TASK REQUIREMENTS:
Without the pictures, give the entries below again exactly as written.

DATASET EXCERPTS:
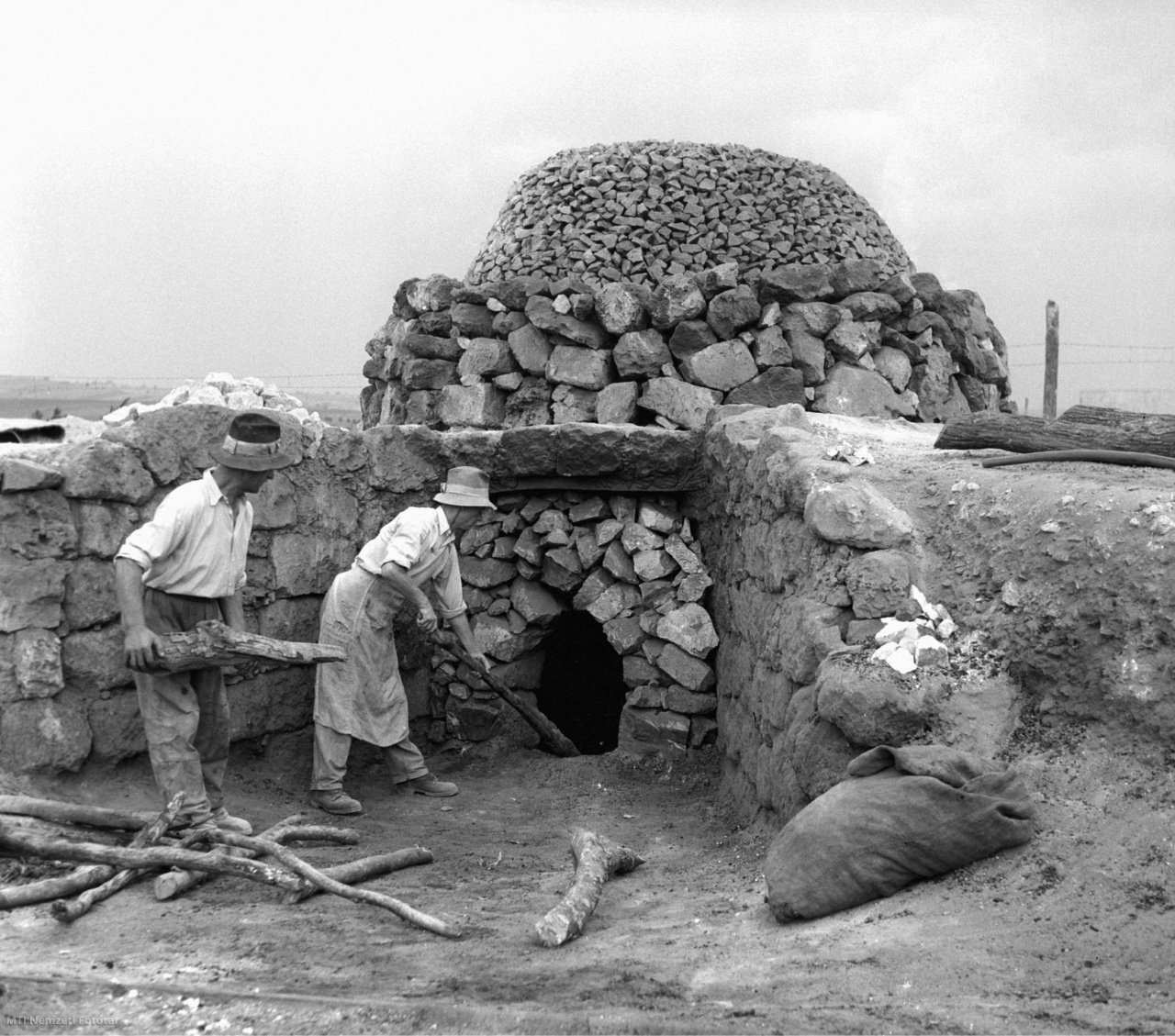 Felsőtárkány, 1956. június 17. Férfiak fával fűtik az egyik régi kemencét a felsőtárkányi Dózsa Termelőszövetkezet mészégető telepén. A telep mészégető kemencéi fafűtésről áttérnek a pakura-olaj tüzelésére.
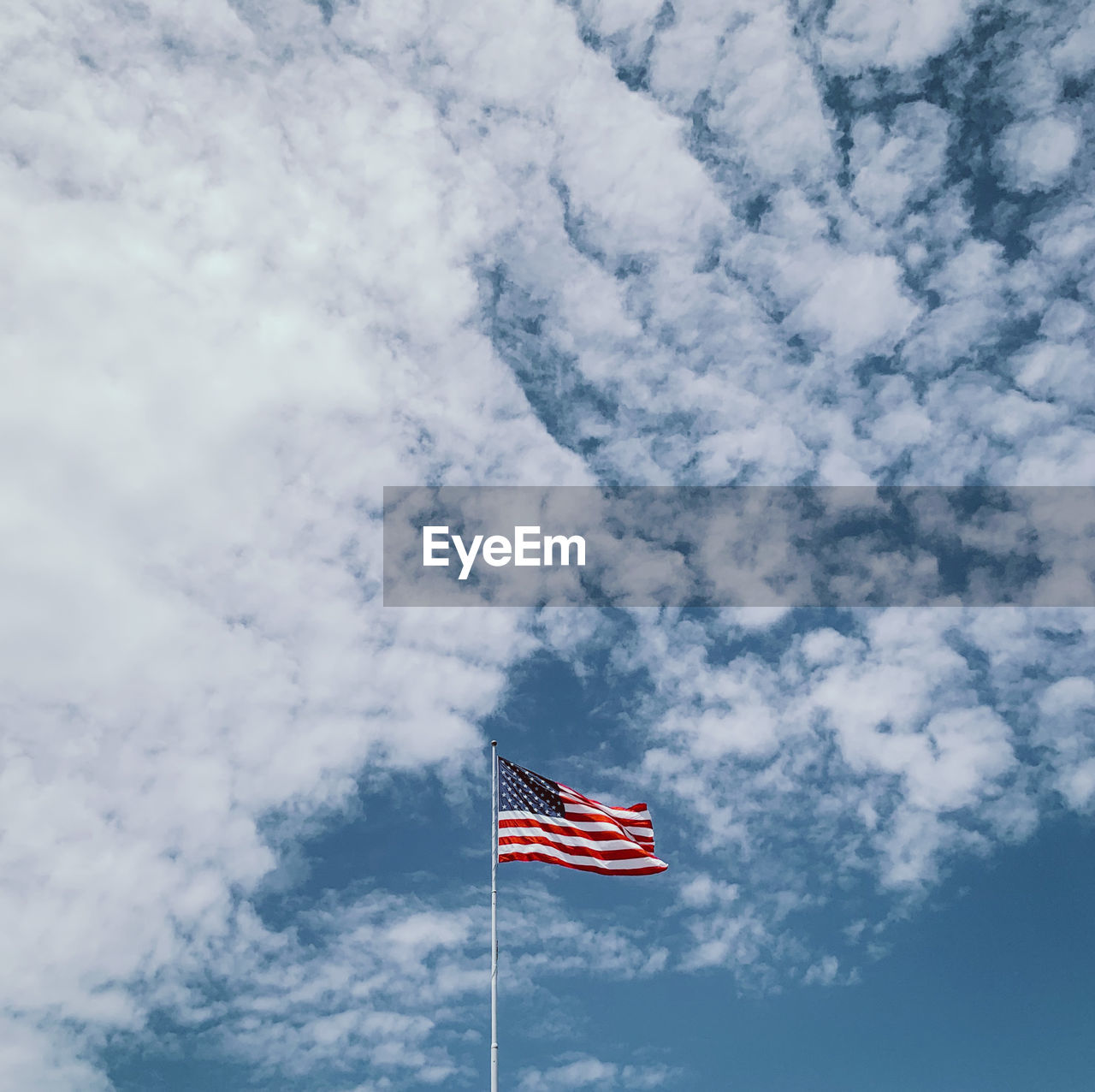 Low angle view of flag against sky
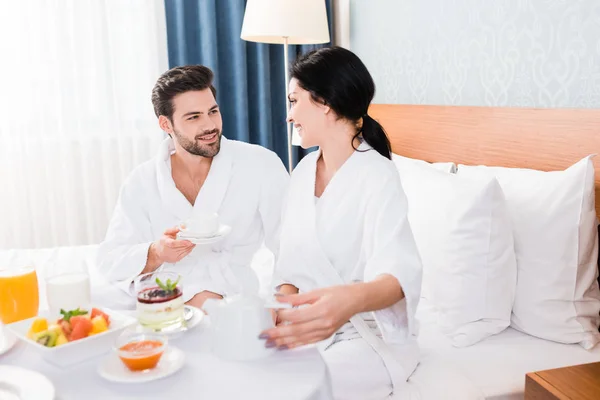 Foco seletivo de homem feliz e mulher perto da mesa com café da manhã — Fotografia de Stock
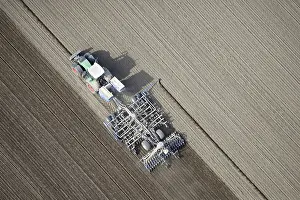 Modern agriculture, tractor working arable land in a field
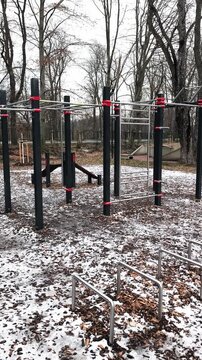 Empty outdoor gym equipment for calisthenics and street workout in a public park during a cold and snowy winter day. No people around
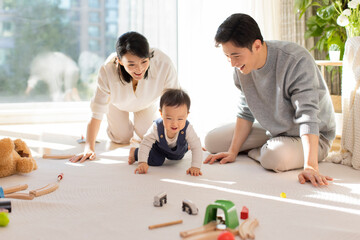 Young parents playing with baby at home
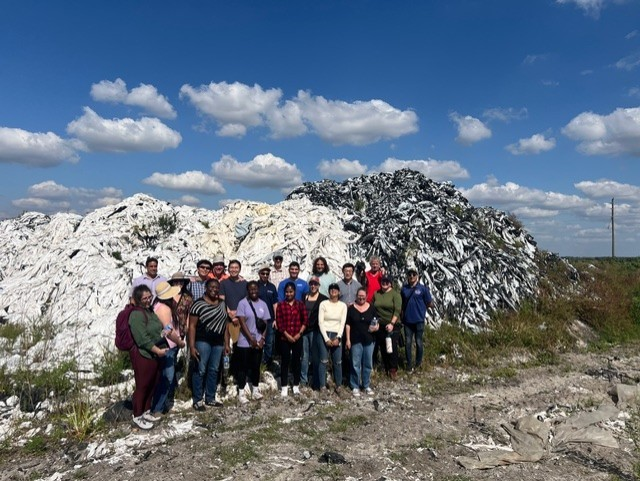 A group of 21 scientific researchers stand in front of a large pile of folded plastic mulch  sheets in white and black plastic.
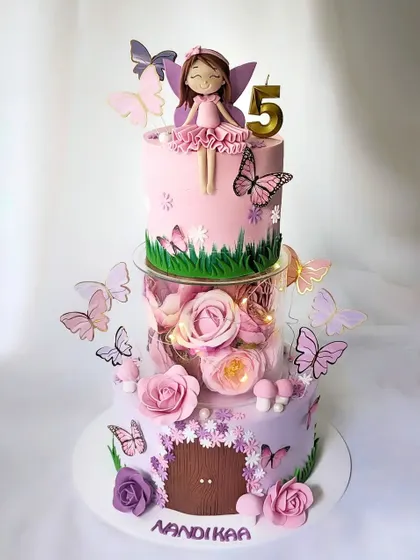 A magical fairy garden cake for a 5th birthday. This tiered cake has a floating middle section filled with flowers and lights, and is decorated with fairies, butterflies, and mushrooms.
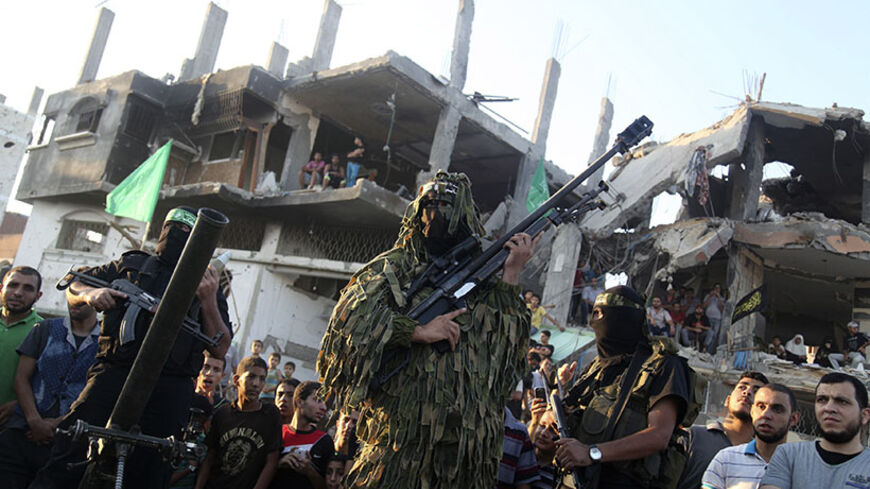 Hamas militants display weapons as they celebrate what they say was a victory over Israel, in front of a destroyed house in the Shejaia neighborhood east of Gaza City August 27, 2014. An open-ended ceasefire in the Gaza war held on Wednesday as Prime Minister Benjamin Netanyahu faced strong criticism in Israel over a costly conflict with Palestinian militants in which no clear victor emerged. REUTERS/Majdi Fathi (GAZA - Tags: POLITICS CONFLICT TPX IMAGES OF THE DAY) - RTR440CH
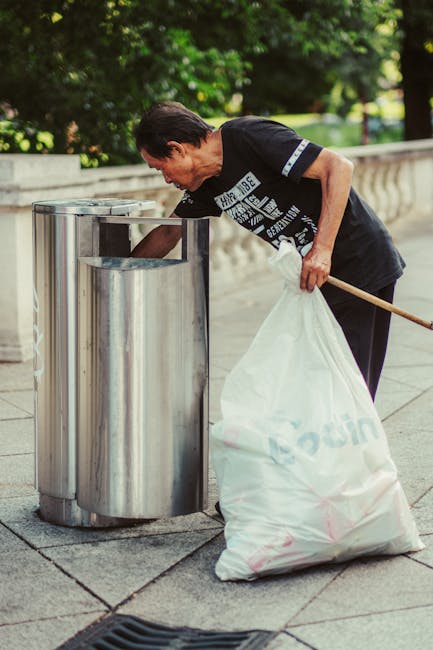 A middle-aged woman with short dark hair, wearing a black T-shirt with white text and black trousers, is seen emptying a large white plastic bag filled with rubbish into a metallic recycling bin on a paved pathway. The bin is cylindrical, made of stainless steel, with a rounded lid that has an opening for waste disposal. The surrounding environment features a stone balustrade and lush green trees in the background, indicating an outdoor setting likely in a park or public space near Greenwich. The woman is holding a wooden stick or litter picker in her right hand, used to assist with waste collection, suggesting an on-site cleanup or community rubbish management activity. The lighting appears natural, with sunlight filtering through the leaves, casting soft shadows around the scene. This image illustrates a manual waste collection effort and highlights the importance of maintaining public cleanliness, aligning with services like those provided by Rubbish Removal Greenwich in managing rubbish and supporting alternative waste handling methods beyond local authority collection.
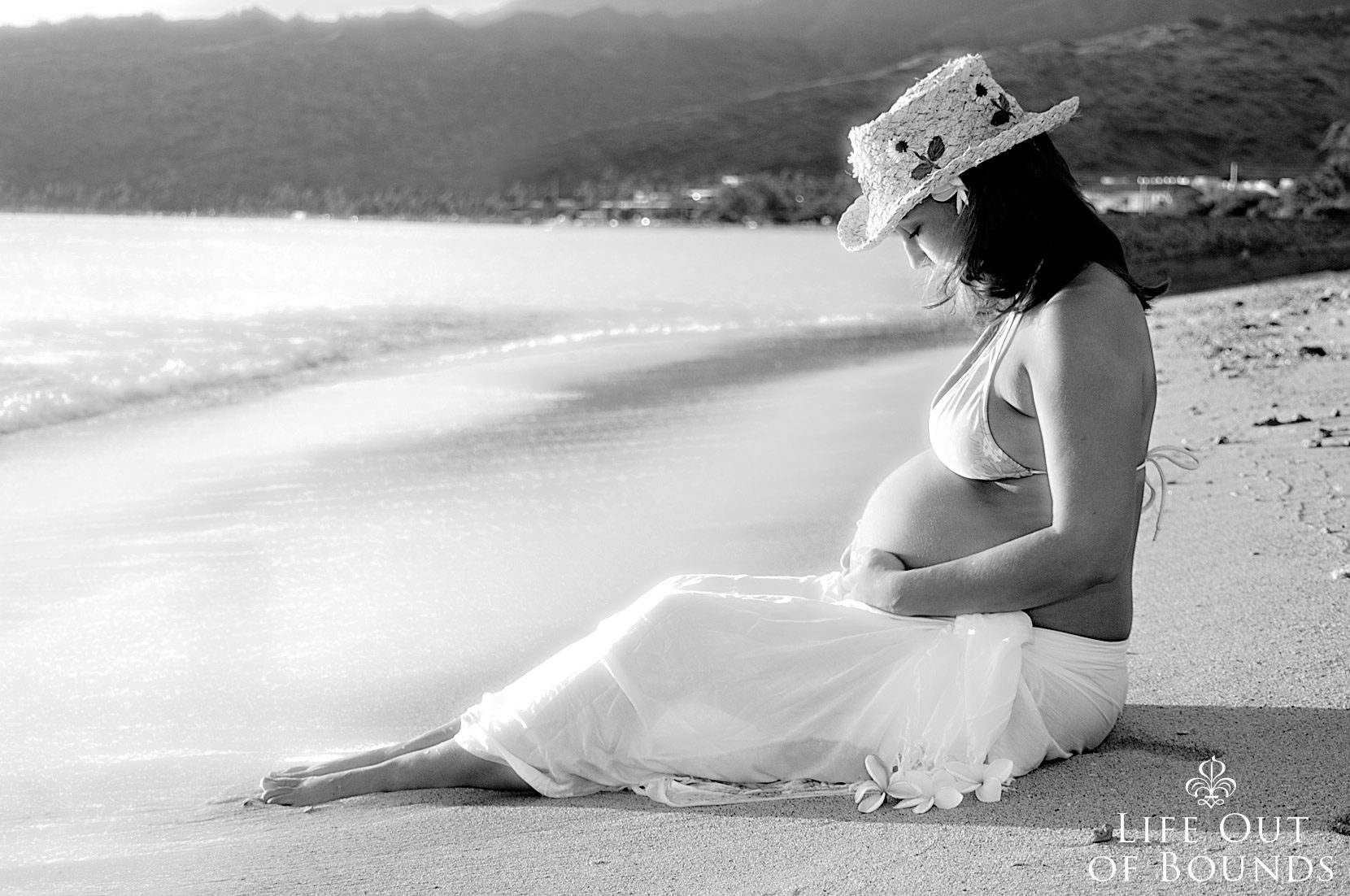 Young-mother-to-be-sitting-on-the-beach-at-sunset-Honolulu-Hawaii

WRITTEN SOLUTION:
 Felsőtárkány, 1956. június 17. Férfiak fával fűtik az egyik régi kemencét a felsőtárkányi Dózsa Termelőszövetkezet mészégető telepén. A telep mészégető kemencéi fafűtésről áttérnek a pakura-olaj tüzelésére.
 Low angle view of flag against sky
 Foco seletivo de homem feliz e mulher perto da mesa com café da manhã — Fotografia de Stock
 Modern agriculture, tractor working arable land in a field
 Empty outdoor gym equipment for calisthenics and street workout in a public park during a cold and snowy winter day. No people around
 Young parents playing with baby at home
 A group of 21 scientific researchers stand in front of a large pile of folded plastic mulch  sheets in white and black plastic.
 A magical fairy garden cake for a 5th birthday. This tiered cake has a floating middle section filled with flowers and lights, and is decorated with fairies, butterflies, and mushrooms.
 Hamas militants display weapons as they celebrate what they say was a victory over Israel, in front of a destroyed house in the Shejaia neighborhood east of Gaza City August 27, 2014. An open-ended ceasefire in the Gaza war held on Wednesday as Prime Minister Benjamin Netanyahu faced strong criticism in Israel over a costly conflict with Palestinian militants in which no clear victor emerged. REUTERS/Majdi Fathi (GAZA - Tags: POLITICS CONFLICT TPX IMAGES OF THE DAY) - RTR440CH
 A middle-aged woman with short dark hair, wearing a black T-shirt with white text and black trousers, is seen emptying a large white plastic bag filled with rubbish into a metallic recycling bin on a paved pathway. The bin is cylindrical, made of stainless steel, with a rounded lid that has an opening for waste disposal. The surrounding environment features a stone balustrade and lush green trees in the background, indicating an outdoor setting likely in a park or public space near Greenwich. The woman is holding a wooden stick or litter picker in her right hand, used to assist with waste collection, suggesting an on-site cleanup or community rubbish management activity. The lighting appears natural, with sunlight filtering through the leaves, casting soft shadows around the scene. This image illustrates a manual waste collection effort and highlights the importance of maintaining public cleanliness, aligning with services like those provided by Rubbish Removal Greenwich in managing rubbish and supporting alternative waste handling methods beyond local authority collection.
 Young-mother-to-be-sitting-on-the-beach-at-sunset-Honolulu-Hawaii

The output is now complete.